You can make the Monte Carlo Pythia samples - use Pythia_jets_HEPMC3 folder:

• Here you can write your own script or use existing ones: pythia_Zgjets.cc, pythia_Zqjets.cc, or dijets.cc
• Change the scripts to what you need, then do source setup_cvmfs_hepmc3_alma.sh and build the functions with make
• To run on the cluster, use submit_Zq or submit_Zq shell scripts, which call run_pythia_Zjets.sh. You’ll need to adjust this file accordingly.

Note: If you cannot build Pythia, it might be because:

• You need to first build Pythia8 and HepMC3 (consider using the provided directory to simplify this process).

Building Pythia8 and HepMC3 from Scratch

For those particularly interested in building their own Pythia8 and HepMC3:

1. Build HepMC3
   Follow the instructions at HepMC3 GitLab (use manual installation). The specific commands I use are:

   conda activate appenv
   source /cvmfs/sft.cern.ch/lcg/releases/LCG_96b/ROOT/6.18.04/x86_64-centos7-gcc8-opt/ROOT-env.sh
   cmake -DCMAKE_INSTALL_PREFIX=../hepmc3-install -DHEPMC3_ENABLE_ROOTIO:BOOL=ON -DROOT_DIR=$ROOTSYS -DHEPMC3_ENABLE_PROTOBUFIO:BOOL=OFF -DHEPMC3_ENABLE_TEST:BOOL=OFF -DHEPMC3_INSTALL_INTERFACES:BOOL=ON -DHEPMC3_BUILD_STATIC_LIBS:BOOL=OFF -DHEPMC3_BUILD_DOCS:BOOL=OFF ../HepMC3
   make
   make install

2. Pythia8

   Download and unpack Pythia:

   tar xvfz pythia8311.tgz
   export HEPMC_HOME=/storage/agrp/annai/QURK-GLUON/COCOA/Patrick_Dev_Br/hepmc3-install/  # or the directory where you just installed hepmc-install
   ln -s ${HEPMC_HOME}/lib64 ${HEPMC_HOME}/lib  # Link lib64 to lib - very important step
   cd pythia8
   ./configure --with-hepmc3=${HEPMC_HOME}
   make

Note

I put my build pythia8 and hepmc3 directories with all necessary files to the git.
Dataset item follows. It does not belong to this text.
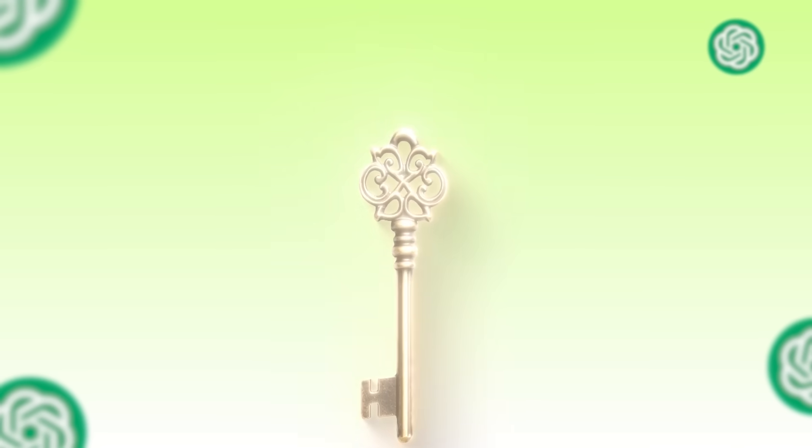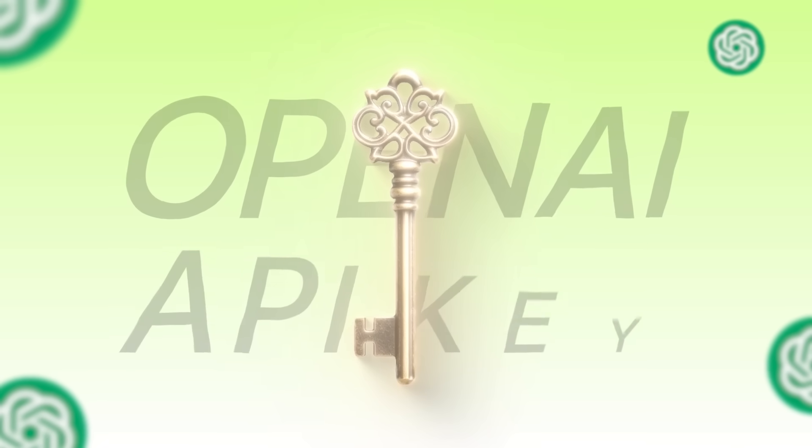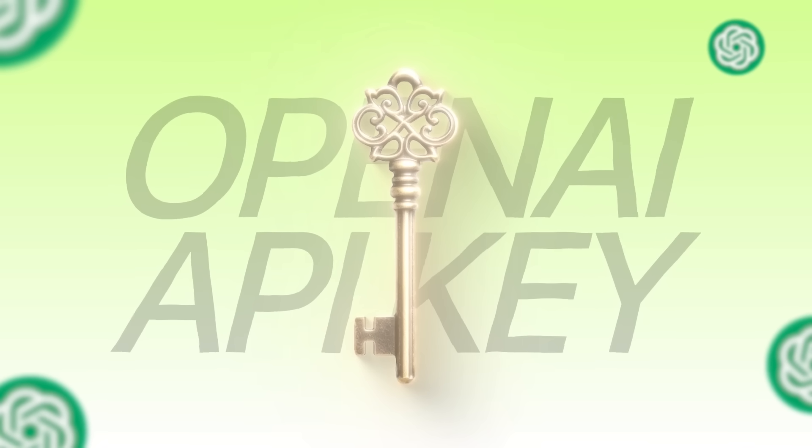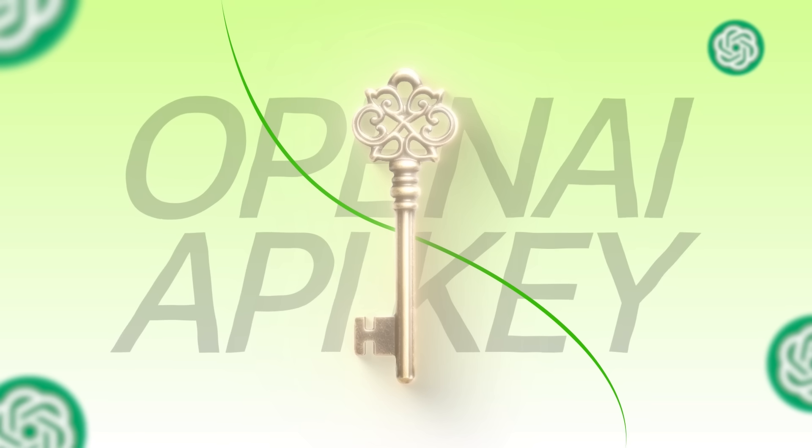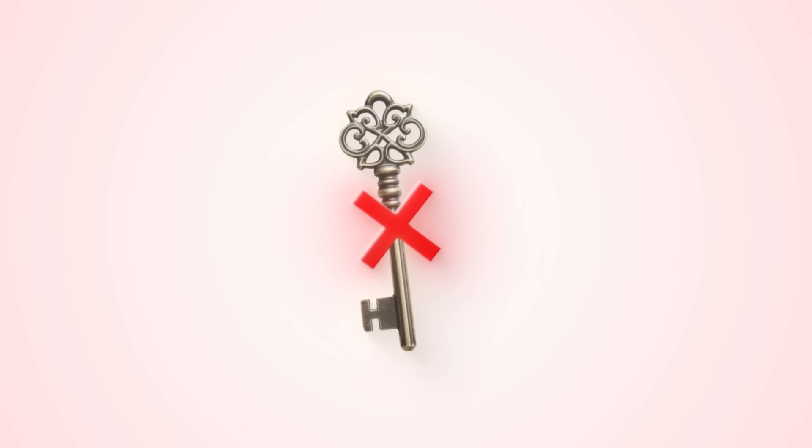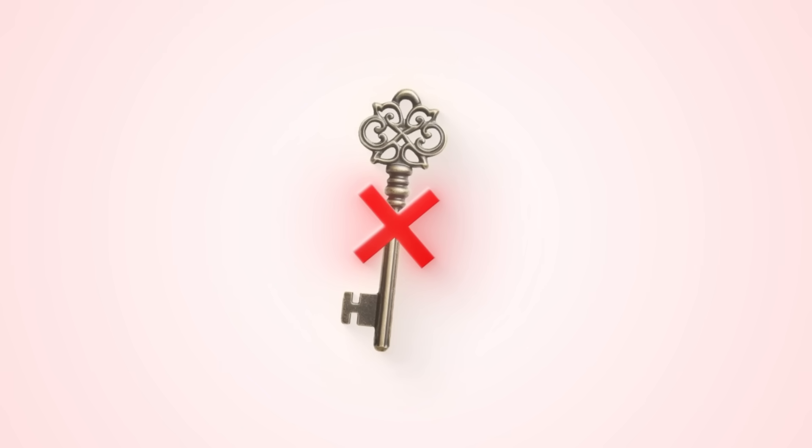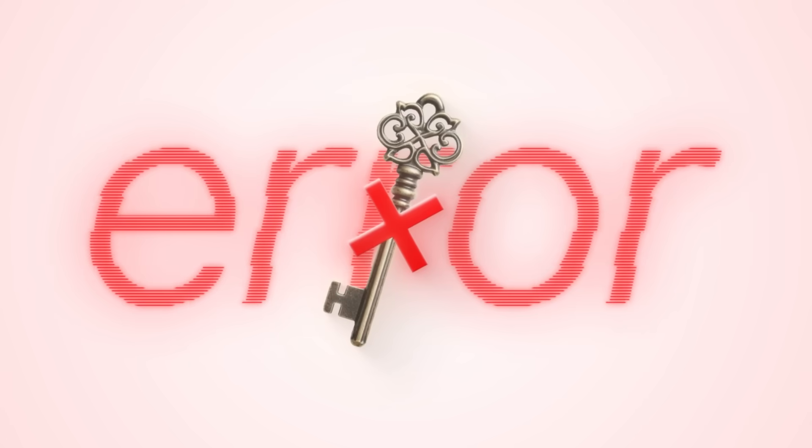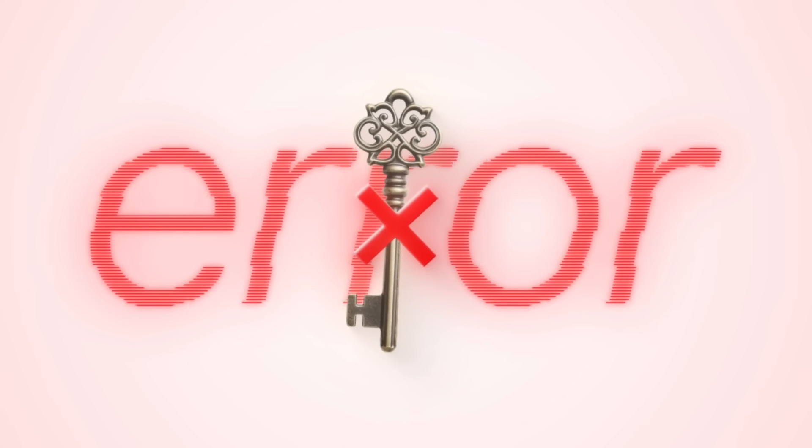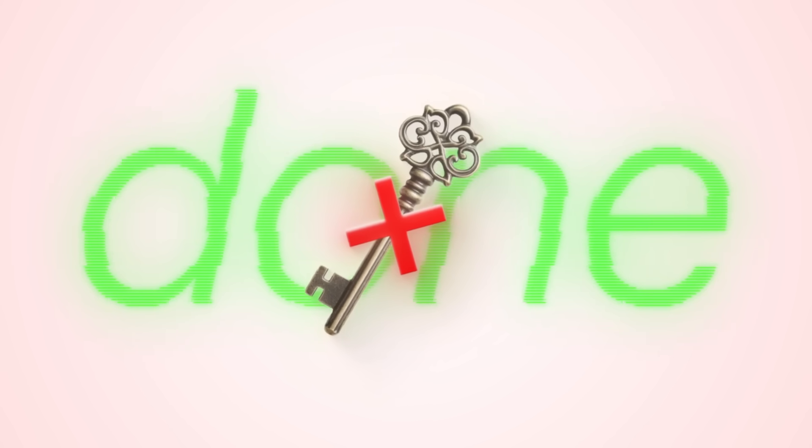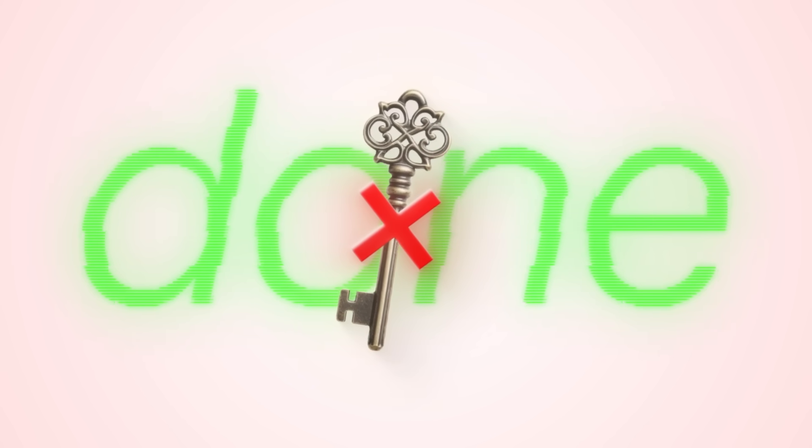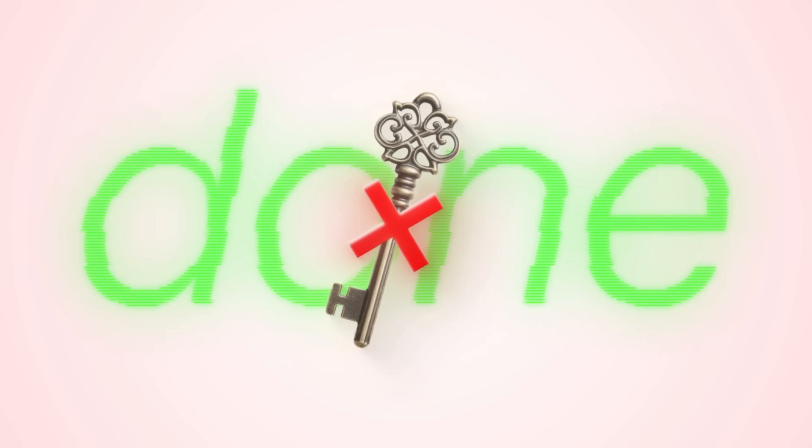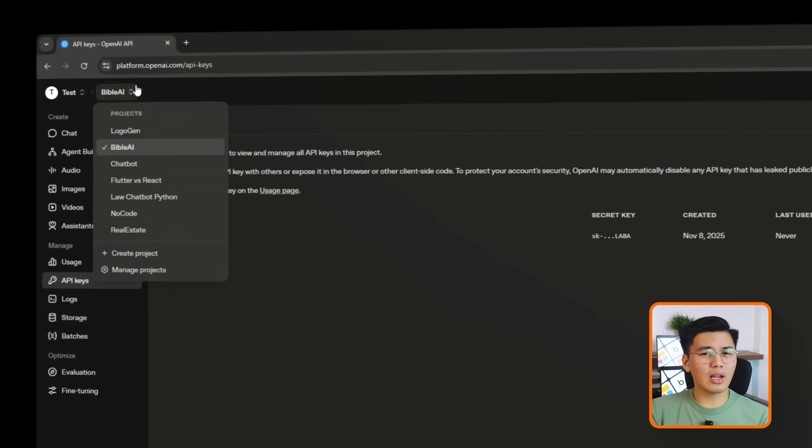Now that the project structure is ready, the next thing we need is the OpenAI API key. This key is basically the bridge between our app and the OpenAI models. So without it, nothing we build is going to generate any content. It's like giving your project permission to use the intelligence that actually powers the whole agent. So let's set that up.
You can try using my build directory to make stuff, but dont forget to change the main setup file paths to yours in setup_cvmfs_hepmc3_alma.sh

2. Make COCOA Samples

After successfully setting up, you need to pass the events through COCOA. There is a development branch in cocoa-hep from Patrick (origin/dev_g410_pythia8HepMCPlugin), but I made changes, and my modified version of COCOA works with the setup above. It is available in the cocoa-hep folder.

To run this:

• Add configuration files to the cocoa-hep/COCOA/macro/HepMC/ folder, where you will manually specify which sample you want to process (add the full path; see examples in HepMC).
  • Note: This step is required because of a bug in Patrick’s script, which prevents specifying the file during runtime, so it must be done manually.
• After adding all the files you want to process, go to cocoa_submit/ and update the paths to your input and output directories, as well as the macro files you will be using.
• Run the jobs using submit_*.sh.

3. Prepare your raw COCOA root files for the HGPFLOW processing

• After successfully preparing the COCOA root files, you must prepare them to be trained on HGPFLOW NN. First, you need to remove cocoa events with no tracks, cells, or clusters. You use code in scripts/copyTree.c for this. I took it from Etienne; I know one can do better, but I have no strength for this. Inside the code, just specify the path of the cocoa directory files and write down the names of inputs. Then run it as root -l scripts/copyTree.c
• Now you are almost ready to train HyperGraph; before this, you need to run the segmentation on those files so each event will be divided to be processed faster.
• For this purpose, you Ask Nilotpal to give you the HGPFlow mini-version. It is supposed to be located here HGPflow
• Then, to submit for the segmentation, you use the available in scripts/submit_job_cocoa_chunks_new.py script - this one already has everything set up to process our files (500GeV Zq/g jets)
• Here, is_inference=False and mod_e_th = 0.1 for train and validation samples, or else is_inference=True and mod_e_th = 0

4. Training and predicting using HGPFLOW

Congratulations! You have reached the exciting part of the project. Run the training on HGPFlow using our samples (500 GeV jets)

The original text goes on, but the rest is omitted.